Lo primero que cabría comentar es su definición amplia de lo que es el poder político, y entiendo que es ahí donde se encuentra una de las principales diferencias entre ambos tipos de anarquismo. Entiende como opresivas las relaciones laborales o económicas en las que se da jerarquía de trato y también las ve, aunque lo desarrolla mucho menos, en el ámbito religioso. Ni Dios ni patrón, que dirían los viejos anarquistas socialistas. El problema es determinar si este tipo de relaciones sociales, en las que no se usa la fuerza de forma coercitiva, son realmente asimilables a las relaciones que los individuos establecen con los Estados, y en mi modesta opinión no lo son. Muchas diferencias con otras teorías políticas se deben a una mala clarificación conceptual, dada la importancia de usar correctamente estos conceptos.
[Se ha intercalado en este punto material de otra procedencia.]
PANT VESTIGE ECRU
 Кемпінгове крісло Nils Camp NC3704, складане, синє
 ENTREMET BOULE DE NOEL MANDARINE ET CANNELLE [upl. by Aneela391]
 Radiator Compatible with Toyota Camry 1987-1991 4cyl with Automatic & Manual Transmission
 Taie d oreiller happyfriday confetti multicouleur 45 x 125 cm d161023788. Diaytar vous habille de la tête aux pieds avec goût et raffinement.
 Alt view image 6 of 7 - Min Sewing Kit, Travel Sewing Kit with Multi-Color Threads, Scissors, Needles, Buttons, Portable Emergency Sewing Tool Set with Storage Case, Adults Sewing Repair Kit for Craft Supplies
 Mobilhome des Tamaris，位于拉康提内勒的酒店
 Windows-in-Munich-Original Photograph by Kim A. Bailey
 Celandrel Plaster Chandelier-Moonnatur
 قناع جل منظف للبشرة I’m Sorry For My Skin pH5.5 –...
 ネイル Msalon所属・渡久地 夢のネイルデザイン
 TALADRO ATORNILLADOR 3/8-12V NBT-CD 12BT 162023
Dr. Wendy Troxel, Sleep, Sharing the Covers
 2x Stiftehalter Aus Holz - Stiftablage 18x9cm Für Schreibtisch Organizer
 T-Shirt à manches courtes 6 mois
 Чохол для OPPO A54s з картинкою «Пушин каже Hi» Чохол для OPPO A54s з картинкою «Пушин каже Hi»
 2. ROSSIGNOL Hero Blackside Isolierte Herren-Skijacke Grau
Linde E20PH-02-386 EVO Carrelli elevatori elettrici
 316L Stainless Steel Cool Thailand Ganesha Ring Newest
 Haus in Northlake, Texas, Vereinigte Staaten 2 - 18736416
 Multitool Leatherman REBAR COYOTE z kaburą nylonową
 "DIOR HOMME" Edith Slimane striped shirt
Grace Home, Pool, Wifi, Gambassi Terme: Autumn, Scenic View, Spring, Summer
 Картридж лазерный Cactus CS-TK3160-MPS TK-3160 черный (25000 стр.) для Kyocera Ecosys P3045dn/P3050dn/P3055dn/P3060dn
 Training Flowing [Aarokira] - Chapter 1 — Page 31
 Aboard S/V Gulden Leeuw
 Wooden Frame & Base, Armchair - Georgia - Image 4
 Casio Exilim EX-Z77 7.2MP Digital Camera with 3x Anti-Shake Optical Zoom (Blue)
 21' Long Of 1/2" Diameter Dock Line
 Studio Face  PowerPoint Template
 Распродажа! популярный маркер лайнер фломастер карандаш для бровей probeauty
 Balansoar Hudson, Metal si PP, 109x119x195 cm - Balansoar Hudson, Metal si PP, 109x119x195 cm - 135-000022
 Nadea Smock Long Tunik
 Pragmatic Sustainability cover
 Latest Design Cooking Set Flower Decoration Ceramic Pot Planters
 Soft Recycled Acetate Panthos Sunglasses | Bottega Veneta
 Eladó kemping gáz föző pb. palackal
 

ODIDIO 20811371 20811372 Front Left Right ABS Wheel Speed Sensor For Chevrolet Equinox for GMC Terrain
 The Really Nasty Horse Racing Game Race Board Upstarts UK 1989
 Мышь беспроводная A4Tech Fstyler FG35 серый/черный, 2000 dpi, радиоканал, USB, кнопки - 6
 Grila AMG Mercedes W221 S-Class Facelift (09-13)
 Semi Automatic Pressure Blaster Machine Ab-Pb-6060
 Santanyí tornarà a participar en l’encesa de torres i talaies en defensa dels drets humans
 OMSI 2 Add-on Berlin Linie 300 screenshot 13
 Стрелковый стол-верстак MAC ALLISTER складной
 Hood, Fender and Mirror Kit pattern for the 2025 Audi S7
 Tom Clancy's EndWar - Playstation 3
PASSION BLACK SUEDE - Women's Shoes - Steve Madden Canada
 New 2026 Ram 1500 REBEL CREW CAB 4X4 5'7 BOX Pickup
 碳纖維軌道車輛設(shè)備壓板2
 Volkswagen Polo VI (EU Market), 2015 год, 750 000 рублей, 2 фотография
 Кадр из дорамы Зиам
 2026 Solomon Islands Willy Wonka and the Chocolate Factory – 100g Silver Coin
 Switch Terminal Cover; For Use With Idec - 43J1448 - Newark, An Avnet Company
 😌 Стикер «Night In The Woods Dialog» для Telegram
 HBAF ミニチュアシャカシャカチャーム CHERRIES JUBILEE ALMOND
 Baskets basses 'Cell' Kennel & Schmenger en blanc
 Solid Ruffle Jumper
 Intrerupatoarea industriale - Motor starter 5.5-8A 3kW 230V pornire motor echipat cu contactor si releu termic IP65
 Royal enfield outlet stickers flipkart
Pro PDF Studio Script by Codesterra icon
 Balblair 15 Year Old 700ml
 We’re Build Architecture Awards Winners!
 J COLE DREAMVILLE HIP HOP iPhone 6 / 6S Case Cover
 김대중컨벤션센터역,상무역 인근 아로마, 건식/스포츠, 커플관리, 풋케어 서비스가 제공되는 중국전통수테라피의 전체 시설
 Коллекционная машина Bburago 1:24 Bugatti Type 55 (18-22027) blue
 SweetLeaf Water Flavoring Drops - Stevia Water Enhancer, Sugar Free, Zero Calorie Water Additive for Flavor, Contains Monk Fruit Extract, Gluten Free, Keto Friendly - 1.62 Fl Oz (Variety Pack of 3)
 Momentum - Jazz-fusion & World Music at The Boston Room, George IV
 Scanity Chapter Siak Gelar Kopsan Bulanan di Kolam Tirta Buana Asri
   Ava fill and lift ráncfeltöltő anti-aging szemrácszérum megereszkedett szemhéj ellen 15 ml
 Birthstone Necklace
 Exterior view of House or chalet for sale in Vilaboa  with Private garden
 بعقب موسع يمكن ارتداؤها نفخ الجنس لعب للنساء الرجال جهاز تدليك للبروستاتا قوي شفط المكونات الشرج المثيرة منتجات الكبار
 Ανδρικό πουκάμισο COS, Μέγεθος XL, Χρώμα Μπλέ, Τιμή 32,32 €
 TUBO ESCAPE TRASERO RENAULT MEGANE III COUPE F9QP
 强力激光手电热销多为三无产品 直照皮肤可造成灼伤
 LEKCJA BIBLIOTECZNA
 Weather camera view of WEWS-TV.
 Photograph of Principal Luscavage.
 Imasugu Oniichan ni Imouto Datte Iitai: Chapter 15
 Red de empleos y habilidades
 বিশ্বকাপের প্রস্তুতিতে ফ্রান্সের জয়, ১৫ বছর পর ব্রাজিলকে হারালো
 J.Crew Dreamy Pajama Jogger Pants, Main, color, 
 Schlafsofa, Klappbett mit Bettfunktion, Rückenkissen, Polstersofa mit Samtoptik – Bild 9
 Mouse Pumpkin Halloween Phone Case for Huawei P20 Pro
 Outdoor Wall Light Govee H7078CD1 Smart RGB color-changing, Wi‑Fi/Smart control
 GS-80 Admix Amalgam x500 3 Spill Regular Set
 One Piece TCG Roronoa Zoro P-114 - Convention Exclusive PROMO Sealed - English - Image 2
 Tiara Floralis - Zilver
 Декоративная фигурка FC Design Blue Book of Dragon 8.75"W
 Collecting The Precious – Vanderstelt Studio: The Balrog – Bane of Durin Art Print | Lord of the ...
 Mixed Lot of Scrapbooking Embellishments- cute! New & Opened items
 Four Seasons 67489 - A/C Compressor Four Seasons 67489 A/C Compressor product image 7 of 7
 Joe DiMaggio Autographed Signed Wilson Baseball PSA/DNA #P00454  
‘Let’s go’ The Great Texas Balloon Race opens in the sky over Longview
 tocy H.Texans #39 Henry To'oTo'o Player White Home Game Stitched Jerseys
El libro, asimilable a Hacia una nueva libertad de Murray Rothbard en clave anarcocomunista, nos ofrece también interesantes soluciones a los problemas del anarquismo, complementarias en muchas ocasiones de las que nosotros defendemos. La cuestión del orden público es una de ellas. La mayoría de la literatura ancap prevé el establecimiento de empresas o agencias de seguridad encargadas de prestar ese servicio. Gelderloos, por su parte, tras criticar a las policías estatales en términos semejantes a los de Rothbard, plantea la cuestión de la prestación de servicios de seguridad y orden público por los propios vecinos organizados. De hecho, no consiste más que en recurrir a soluciones propias de sociedades previas al advenimiento del Estado moderno, que recurre a cuerpos especializados. Aún recientemente leí un estudio sobre la Edad Media gallega en el que se relataba cómo los vecinos, hartos de criminales y salteadores, se organizaron en hermandades para combatirlos con notable éxito. Su problema fue que después intentaron aplicar estos mecanismos contra salteadores de mayor nivel, nobles y realeza de la época, y estos, mejor organizados, acabaron con ellos. Pero la idea de autoorganización contra el crimen sigue vigente y es una solución perfectamente válida en muchas situaciones. Recientemente, en uno de los estados mexicanos los vecinos se rebelaron exitosamente contra los abusos del narco, y las autoridades estatales fueron raudas en perseguir, no al narco, sino a las autodefensas. Quizá porque saben que ahí está uno de los principales desafíos a su autoridad. Pero es un hecho que los tratados ancaps casi nunca recurren a soluciones de autoorganización, sino a empresas de mercado (al igual que el anarquista socialista nunca recurre a ellas), y siempre es bueno contar con soluciones de este tipo a la hora de analizar posibles respuestas a hipotéticos problemas sociales.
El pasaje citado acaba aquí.